Yaşanan katliamın tanıklarından Güllü ile röportajımıza devam ettik.

– Bize kendini tanıtır mısın?

-”19 yaşındayım, 2 tane çocuğum var. Suriye’de yaşanan savaş yüzünden ülkemizden kaçtık. Kaçtıktan sonra da oradan oraya sürüklendik. Suriye’de insan aklının alamayacağı bir katliam yaşanıyor. İnsanlar birbirlerini katlediyor. Dış güçler ÖSO’yu destekliyor ve onların insanları katletmelerine izin veriyorlar. ÖSO’ya silah, bomba ve para yardımı yaparak savaşı  daha büyütmek istiyorlar. Suriye halkı savaş çıkmadan önce kardeş gibi yaşıyordu ama savaş çıktıktan sonra insanlar barbar gibi birbirlerini katletmeye başladı. Biz bomba seslerine dayanamadığımız, ölümlere daha fazla dayanamadığımız için çocuklarımızı alıp Türkiye’ye kaçtık. Ama Suriye’de hala çocuklar ve insanlar ölüyor/ öldürülüyorlar. Savaş her gün daha da büyüyerek devam ediyor. Suriye kan gölüne dönüyor.”

*  *  *

Cemevinde kalan bir diğer mülteci olan Fehdime’den bize Suriye’deki süreci anlatmasını istedik.

Fehdime: “2 çocuğum var. Biri 1 yaşında, diğer çocuğum ise karnımda, henüz 7 aylık.  Kocam Suriye’de yaşanan savaşta öldü. Kocamı Suriye’de bırakmak istemiyordum. Savaş yüzünde  bırakmak zorunda kaldım. Kocam çocuklarının hayatını korumak istediği için üzerine bombalar yağdırılarak öldürüldü. Şimdi ben ve 2 çocuğum yalnız başımıza kaldık. Bu savaşın bedelini biz ödüyoruz. Bu savaş 2 çocuğumu yetim bıraktı. En ağır bedeli neden biz ödüyoruz? Üstelik tüm bunlar yetmiyormuş gibi bir de gittiğimiz her yerden sürülüyoruz. Bu savaş benden kocamı aldı. Suriye’yi kana boğanlar inşallah bir gün o kanın içerisinde boğulacaklar. Ben Suriye’ye, kocama geri dönmek istiyorum, onu orada bıraktım. Buraya çocuklarım için gelmek zorundaydım ve geldim. Ama topraklarıma savaş bittikten sonra geri dönmek istiyorum.

*  *  * 

Fehdime’nin konuşmasının ardından yanından oturan Delal  “Benim adımda Delal” diyerek yaşadıklarını anlatmak istedi;

– 25 yaşındayım, üç çocuğum var. Biliyorsunuz Suriye’de savaş var, biz de savaşta öleceğiz korkusu ve açlık yüzünden sınırı geçip buraya geldik.

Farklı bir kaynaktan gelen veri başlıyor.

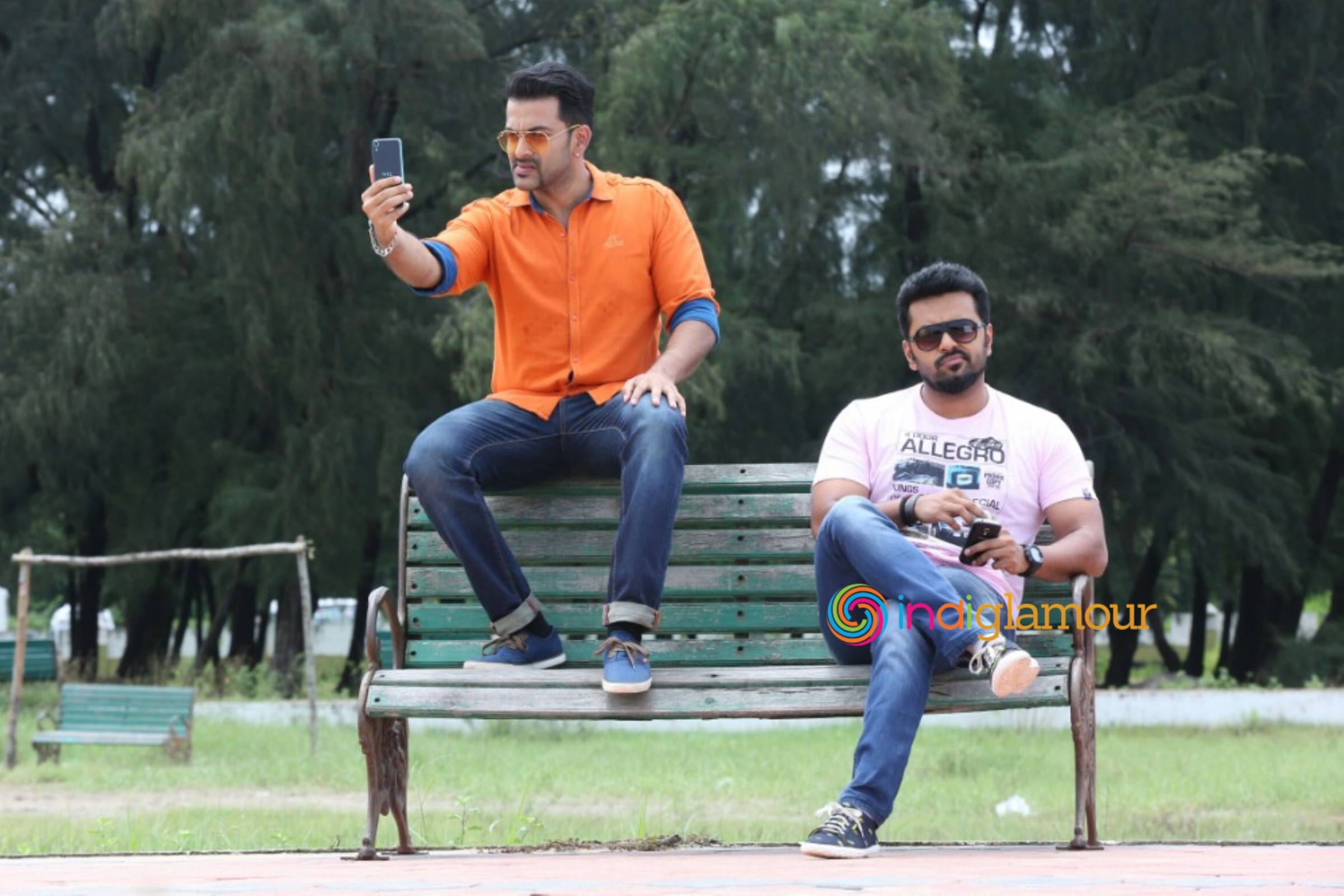 Amar Akbar Anthony Movie hd photo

Biz biraz şanslıydık, oradan kaçıp buraya gelebildik. Ama orada savaştan kaçamayan birçok Suriyeli var. Orada açlık ve sefalet içerisindeler. Biz de buraya geldik, açlık ve sefaletten kurtulduk sanmıştık ama öyle olmadı. Oradan oraya sürülüyoruz. Önce Antep’e, oradan Hacı Bektaş’a oradan da buraya, cemevine getirildik ve burada kalıyoruz. Bizleri buradan çıkarıp kamplara yerleştirmek istiyorlar. Kamplarda kadınların başına her şey geliyor. Özellikle kocası olmayan kadınlar zorla fuhuşa sürülüyor, çocuklar kaçırılıyor. Kamplarda iyi yaşayamıyoruz. Kamp yerine sokaklarda, parklarda yatmak bize daha güvenli geliyor. Suriye’den geldikten sonra günlerce parklarda yattık. Şimdi cemevindeyiz. Buradan da nereye gideceğimizi bilmiyoruz, savaştan çıktık sürgüne geldik. Artık ülkemizdeki savaş bitsin istiyoruz. Çünkü biz burada değil Suriye’de nefes almak istiyoruz. Burası sizin için güzel orası da bize güzel geliyor.”